• [Task objective]: Find the line with "NH license plate 3449513" in the records below. Copy it and every line after it, up to and including the line with "Chimney Cleaning East".

• [Task material]:

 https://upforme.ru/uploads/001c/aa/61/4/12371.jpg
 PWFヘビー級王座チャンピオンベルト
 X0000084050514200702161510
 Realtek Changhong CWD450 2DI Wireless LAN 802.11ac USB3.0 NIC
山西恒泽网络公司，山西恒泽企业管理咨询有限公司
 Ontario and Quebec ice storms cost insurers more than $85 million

==

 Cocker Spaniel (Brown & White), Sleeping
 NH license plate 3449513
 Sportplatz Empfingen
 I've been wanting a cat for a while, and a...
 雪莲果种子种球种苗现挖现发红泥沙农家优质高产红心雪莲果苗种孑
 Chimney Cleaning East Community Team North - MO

• [Response below]:
 NH license plate 3449513
 Sportplatz Empfingen
 I've been wanting a cat for a while, and a...
 雪莲果种子种球种苗现挖现发红泥沙农家优质高产红心雪莲果苗种孑
 Chimney Cleaning East Community Team North - MO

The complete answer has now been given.